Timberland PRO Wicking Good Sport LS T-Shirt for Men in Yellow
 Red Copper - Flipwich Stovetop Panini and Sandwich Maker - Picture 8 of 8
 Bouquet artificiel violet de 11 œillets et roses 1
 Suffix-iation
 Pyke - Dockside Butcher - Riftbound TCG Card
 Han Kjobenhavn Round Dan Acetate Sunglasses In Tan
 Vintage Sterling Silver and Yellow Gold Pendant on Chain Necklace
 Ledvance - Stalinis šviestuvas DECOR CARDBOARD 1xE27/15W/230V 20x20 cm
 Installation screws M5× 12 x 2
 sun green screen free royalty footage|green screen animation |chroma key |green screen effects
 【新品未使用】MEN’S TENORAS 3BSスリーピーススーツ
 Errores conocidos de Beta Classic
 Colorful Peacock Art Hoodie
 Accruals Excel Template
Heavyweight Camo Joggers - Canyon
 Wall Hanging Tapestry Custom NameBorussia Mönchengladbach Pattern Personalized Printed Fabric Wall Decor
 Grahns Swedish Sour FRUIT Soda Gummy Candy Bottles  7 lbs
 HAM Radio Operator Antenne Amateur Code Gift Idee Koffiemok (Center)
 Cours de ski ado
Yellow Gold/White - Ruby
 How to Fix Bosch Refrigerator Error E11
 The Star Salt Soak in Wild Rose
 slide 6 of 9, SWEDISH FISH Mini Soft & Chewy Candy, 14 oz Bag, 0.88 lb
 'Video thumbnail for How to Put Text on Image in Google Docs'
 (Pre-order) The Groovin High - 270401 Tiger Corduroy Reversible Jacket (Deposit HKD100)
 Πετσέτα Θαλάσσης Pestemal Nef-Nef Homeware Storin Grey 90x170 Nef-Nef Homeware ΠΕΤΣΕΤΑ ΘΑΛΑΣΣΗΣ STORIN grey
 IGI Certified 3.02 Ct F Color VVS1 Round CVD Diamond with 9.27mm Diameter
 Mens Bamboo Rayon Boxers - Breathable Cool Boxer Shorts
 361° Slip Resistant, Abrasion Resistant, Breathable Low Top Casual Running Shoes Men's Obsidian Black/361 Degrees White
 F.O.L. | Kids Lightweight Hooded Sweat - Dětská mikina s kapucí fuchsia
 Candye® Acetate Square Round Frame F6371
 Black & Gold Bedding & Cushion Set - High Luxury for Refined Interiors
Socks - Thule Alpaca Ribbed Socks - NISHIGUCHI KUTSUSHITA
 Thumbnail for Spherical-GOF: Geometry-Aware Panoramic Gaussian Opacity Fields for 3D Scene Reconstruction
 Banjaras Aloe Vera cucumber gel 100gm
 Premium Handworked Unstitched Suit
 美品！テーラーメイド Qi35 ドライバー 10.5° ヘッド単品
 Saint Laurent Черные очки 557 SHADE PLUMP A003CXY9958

### ABOUT THIS TASK
With the first line being the one containing "Mens Bamboo Rayon" and the last line the one containing "Black & Gold", transcribe exactly the lines above that fall in that range.

### RESULT OF THE TASK
 Mens Bamboo Rayon Boxers - Breathable Cool Boxer Shorts
 361° Slip Resistant, Abrasion Resistant, Breathable Low Top Casual Running Shoes Men's Obsidian Black/361 Degrees White
 F.O.L. | Kids Lightweight Hooded Sweat - Dětská mikina s kapucí fuchsia
 Candye® Acetate Square Round Frame F6371
 Black & Gold Bedding & Cushion Set - High Luxury for Refined Interiors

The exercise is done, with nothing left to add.